As far as I understand the desired transfer function absolutely must be expressable by the powers of s available in stages' transfer functions on the right. If the desired H has some power that is not present on the right, it is impossible to derive it from the current topology, right?
Chances are you have all 4 powers on the right. But you really need to write everything in terms of the common denominator to see it.

E.g. for transistor ladder the numerators are
s^4+4s^3+6s^2+4s+1
s^3+3s^2+3s+1
s^2+2s+1
s+1
1
By combining them together you can express any polynomial of s.
Just from the general intuitive considerations the same should be possible for the diode ladder, although I didn't check it.
It's just that for transistor ladder the numerators have a nicer form (s+1)^n.
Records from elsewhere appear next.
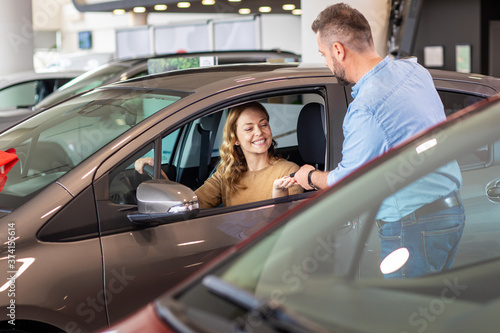 Smiling mid-adult couple buying a new car from dealership, woman sitting inside the vehicle while man standing beside her.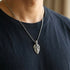 Man In T-Shirt Wering Stainless Steel Men's Cross Shield Necklace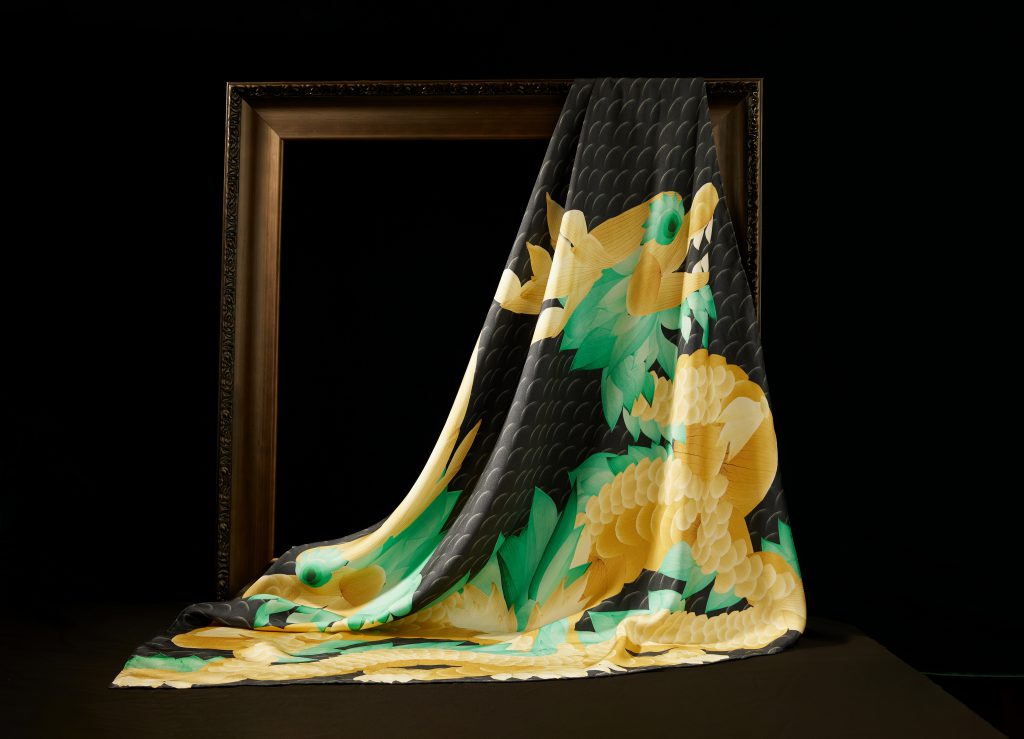 Khăn lụa DeSilk màu vàng xanh với họa tiết hoa lá mềm mại buông rủ qua khung tranh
For diode ladder you should have less regularity.

If you want to have s^5, that of course wouldn't be possible. You can't have a larger power in the numerator than in the denominator in an integrator-based filter.

1eqinfinity
KVRist
201 posts since 29 Apr, 2012
Yes, I get it. To put it in a more abstract context, to use Yn we should prove that they form an orthogonal basis.
For the transistor ladder the numerators I derived are
-G^3 /2 + G
G^3 / 4
-G^4 / 8 + G^2 / 2
G^4 / 8
Even prior to expressing them in terms of s it's easy to see that we can get "clean" powers of s.

But I still don't get the thing with ignoring the lhs denominator.

Z1202
KVRian
958 posts since 12 Apr, 2002
1eqinfinity wrote:But I still don't get the thing with ignoring the lhs denominator.
I guess that is a misunderstanding. As I wrote, you don't have a freedom of the denominator choice and have to live with the common denominator of the modal outputs.

However, this denominator is a polynomial of s, the highest-order term being s^4, the lowest-order term 1 (up to some possible constant coefficients). So, putting s^4 in the numerator gives you a horizontal asymptote at w->inf (which you can normalize to 1 by choosing the same coefficient that s^4 in the denominator has) and you have an asymptotic behavior proportional to s^4 at w->0. Exactly what a 4-pole highpass is. The behavior between these limits is defined by the denominator and you don't have much choice there, because putting any other powers of s into the numerator will destroy the 24dB/oct rolloff at w->0. So, if you're not happy with the amplitude response that you will get in this case, you need to use another topology, or give up the 24dB/oct slope, or something else.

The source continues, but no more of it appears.